» **Provided material**

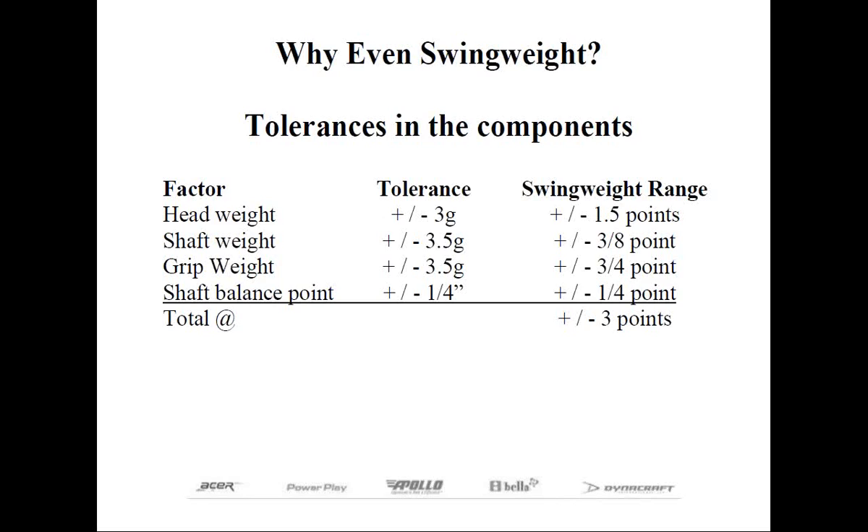Swing weight is often the only specification that requires altering when OEMs or big-name manufacturers build golf clubs. They don't match shafts, they don't reset loft or lie, but they at least will try to hit a specific swing weight so all the numbered irons in the set swing weight the same.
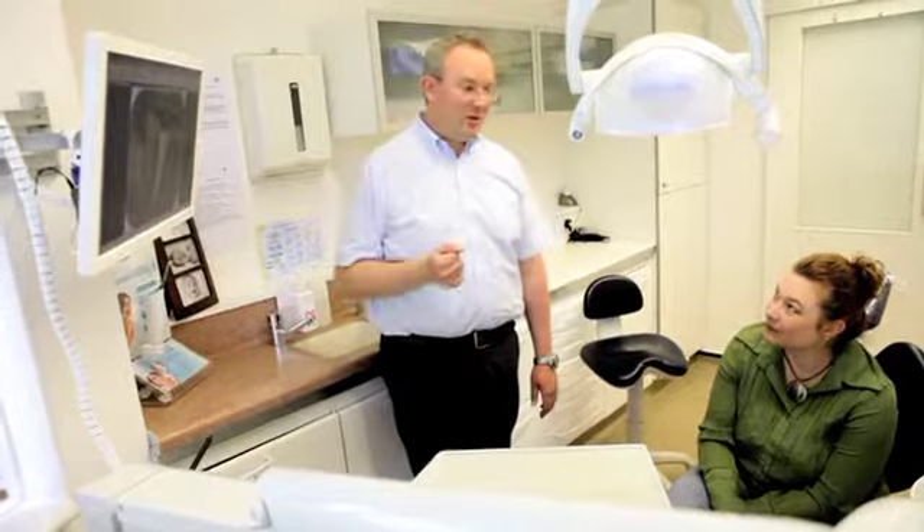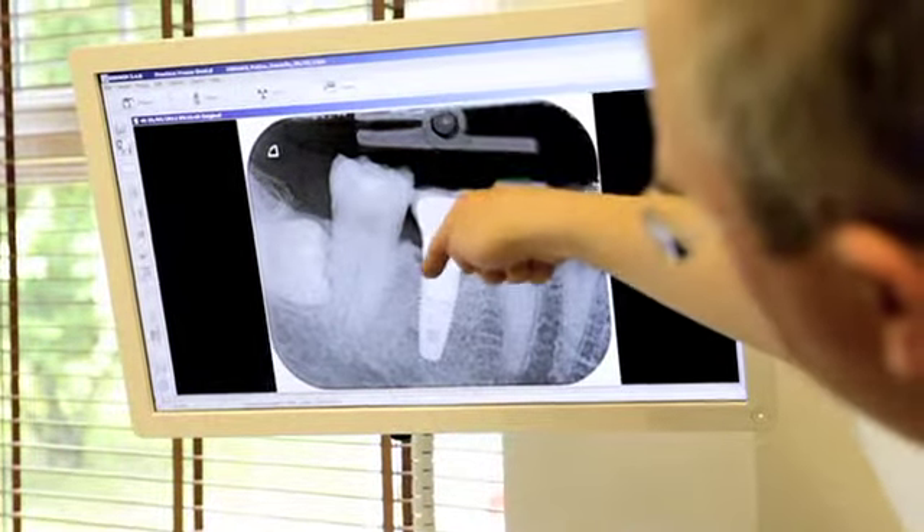An implant is basically an artificial root made from titanium, and then upon that we can place a crown, a bridge, or even a denture if the situation is right.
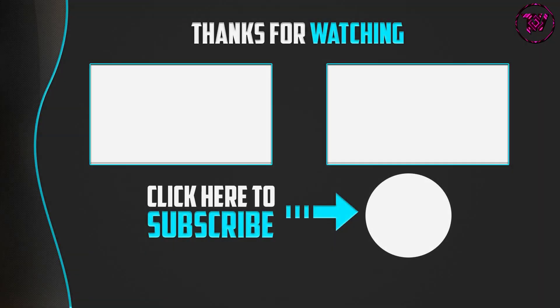Thank you for watching. I hope you liked this video. If it was helpful, please make sure to like, comment, and subscribe. If you have any questions related to these products, leave a comment below and I'll get back to you as soon as possible.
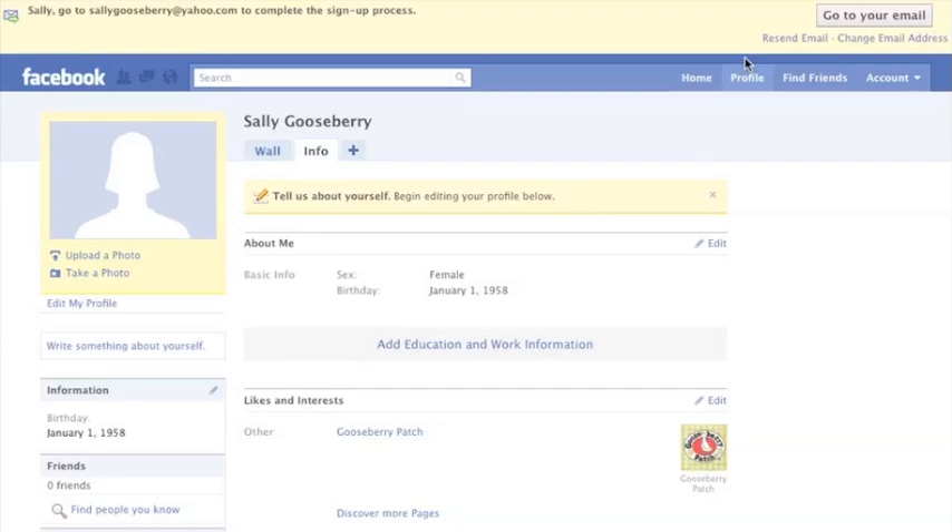Notice that yellow bar at the top of your browser? That's just letting you know you need to confirm your email address to complete the signup process for Facebook. Let's do that next.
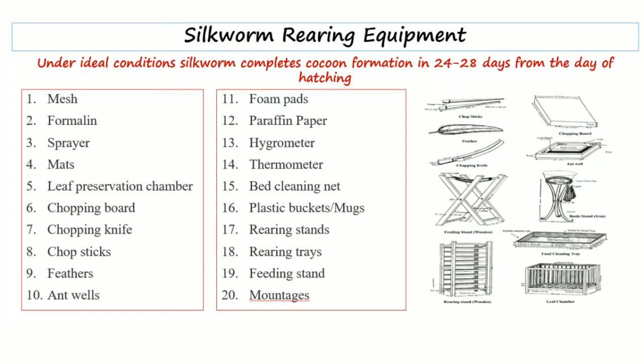Next are chopsticks — chopsticks are basically tapering bamboo rods that are used for picking the younger stages of larvae to ensure hygienic handling. Next are feathers — feathers are basically used for brushing the newly hatched worms to prevent injuries.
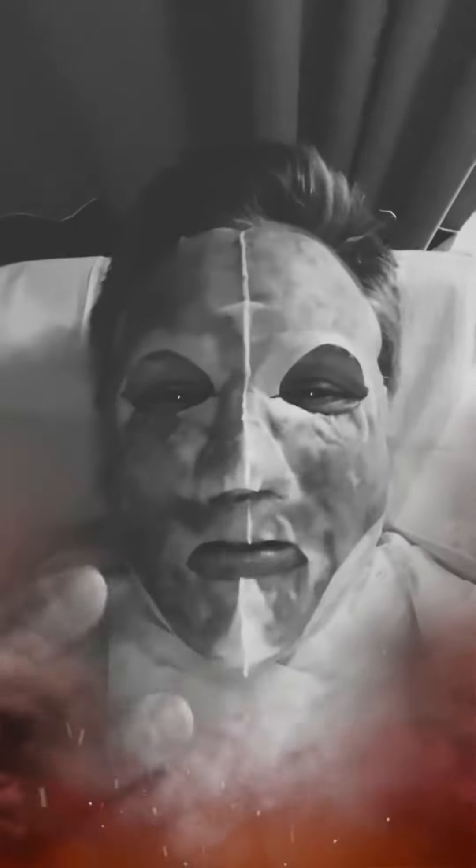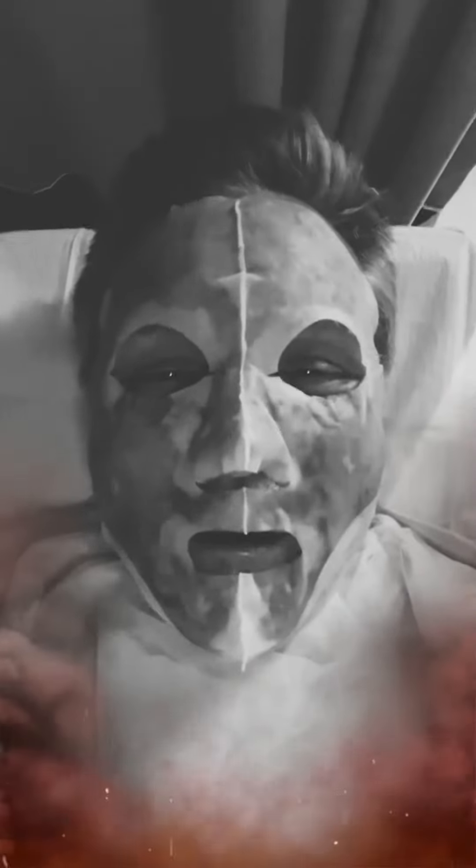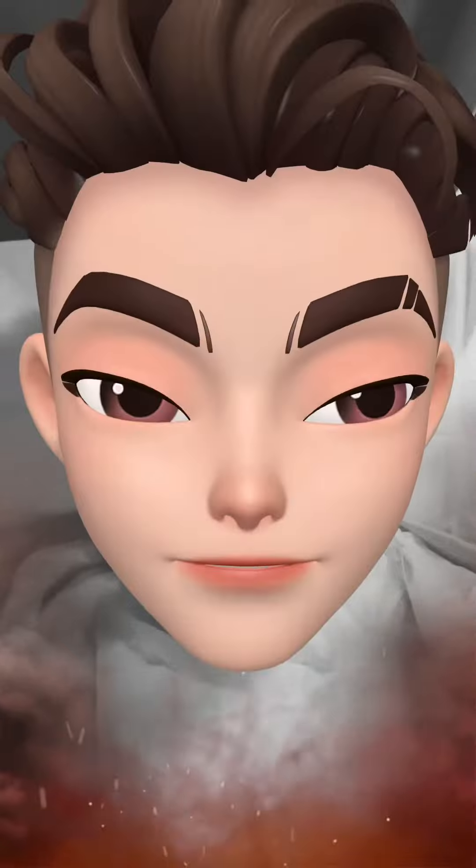They just jabbed my face with about a million needles and then put some plasma on it that they took from my arm. And this is called a vampire facial and this is the result. This is the cooling mask they put on your face after the vampire facial, kind of to calm down your face, reduce the swelling and the puffiness before they send you out into the world.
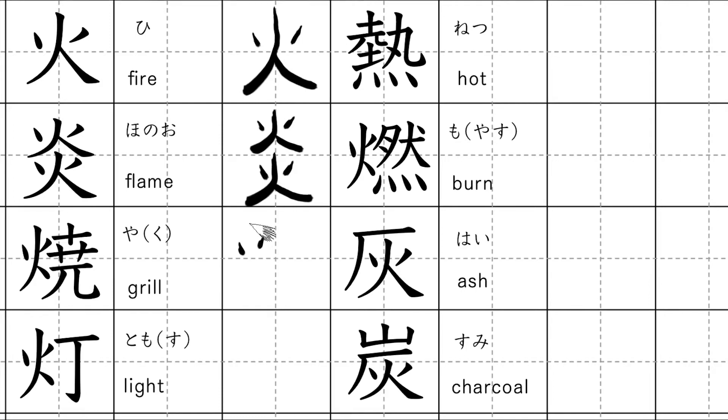This kanji means grill. Kunyomi: yaku. Onyomi: shou.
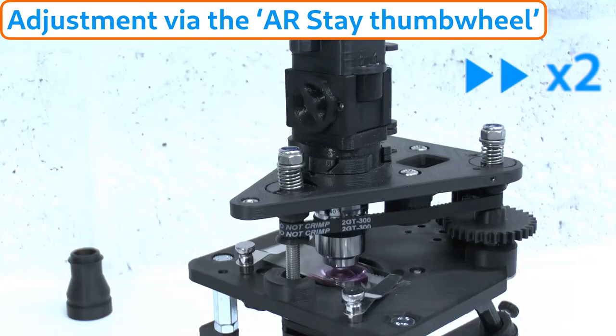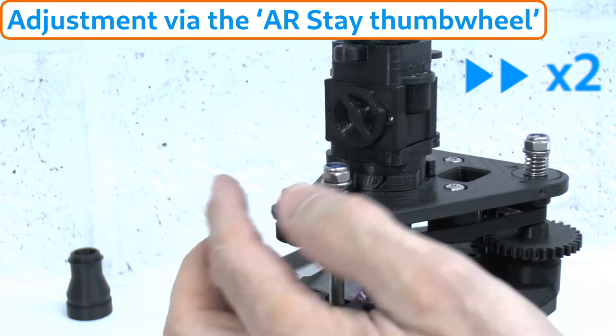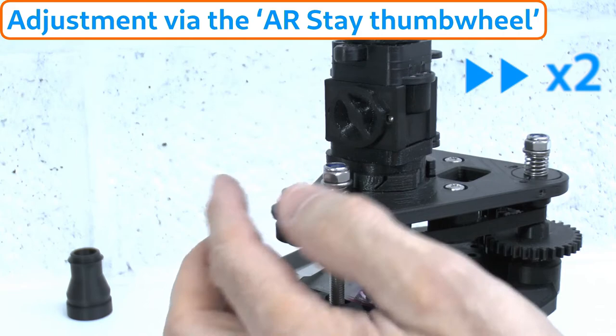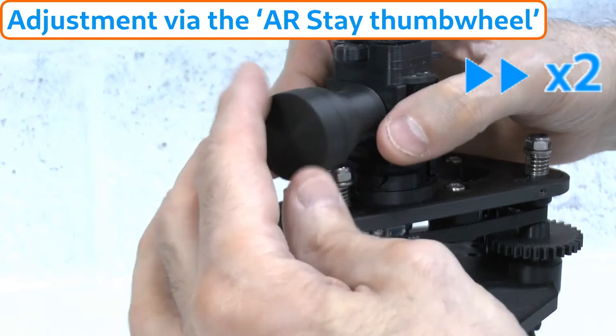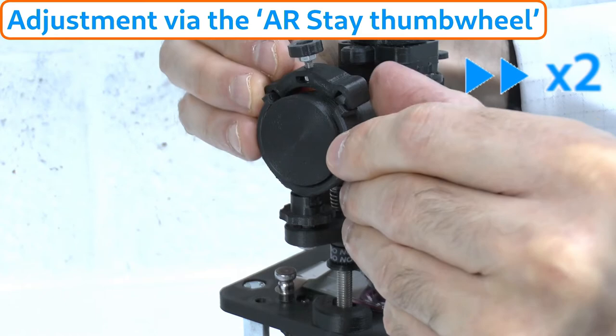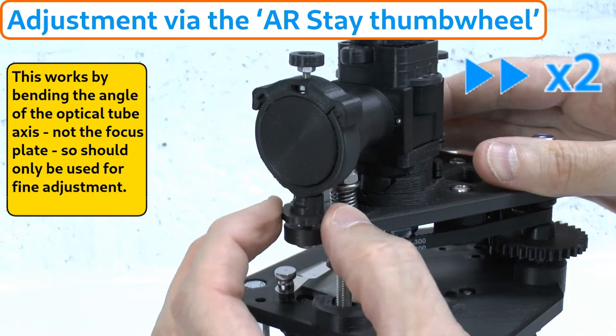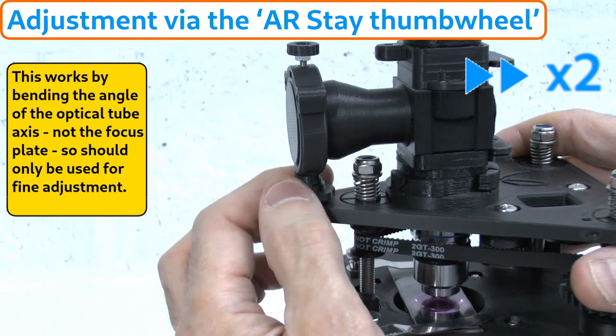For anyone using a Puma microscope with the advanced filter block, there is an even quicker and more convenient method to effect front-to-back axis correction using the front AR stay thumb wheel mechanism. This mechanism was devised to prevent the bulky augmented reality projector from tilting the optical tube due to its weight and to reduce vibrations. You don't need an augmented reality projector fitted to use it, because the epi black body modules (colloquially known as light sinks or black holes) are also designed to fit this same thumb screw attachment. More will be said about this mechanism in separate tutorials on epi illumination and the augmented reality module.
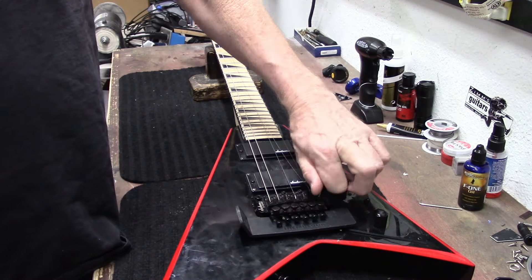A 54 gauge — that's a pretty heavy string. Let's see if she'll fit down in there. There it goes, nice. I think that should work — doesn't seem like that's going to come flying out of there.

» **Task statement**
Please print the entries exactly as they stand. Images are not part of the copy.

» **Result of this task**
Swing weight is often the only specification that requires altering when OEMs or big-name manufacturers build golf clubs. They don't match shafts, they don't reset loft or lie, but they at least will try to hit a specific swing weight so all the numbered irons in the set swing weight the same.
An implant is basically an artificial root made from titanium, and then upon that we can place a crown, a bridge, or even a denture if the situation is right.
Thank you for watching. I hope you liked this video. If it was helpful, please make sure to like, comment, and subscribe. If you have any questions related to these products, leave a comment below and I'll get back to you as soon as possible.
Notice that yellow bar at the top of your browser? That's just letting you know you need to confirm your email address to complete the signup process for Facebook. Let's do that next.
Next are chopsticks — chopsticks are basically tapering bamboo rods that are used for picking the younger stages of larvae to ensure hygienic handling. Next are feathers — feathers are basically used for brushing the newly hatched worms to prevent injuries.
They just jabbed my face with about a million needles and then put some plasma on it that they took from my arm. And this is called a vampire facial and this is the result. This is the cooling mask they put on your face after the vampire facial, kind of to calm down your face, reduce the swelling and the puffiness before they send you out into the world.
This kanji means grill. Kunyomi: yaku. Onyomi: shou.
For anyone using a Puma microscope with the advanced filter block, there is an even quicker and more convenient method to effect front-to-back axis correction using the front AR stay thumb wheel mechanism. This mechanism was devised to prevent the bulky augmented reality projector from tilting the optical tube due to its weight and to reduce vibrations. You don't need an augmented reality projector fitted to use it, because the epi black body modules (colloquially known as light sinks or black holes) are also designed to fit this same thumb screw attachment. More will be said about this mechanism in separate tutorials on epi illumination and the augmented reality module.
A 54 gauge — that's a pretty heavy string. Let's see if she'll fit down in there. There it goes, nice. I think that should work — doesn't seem like that's going to come flying out of there.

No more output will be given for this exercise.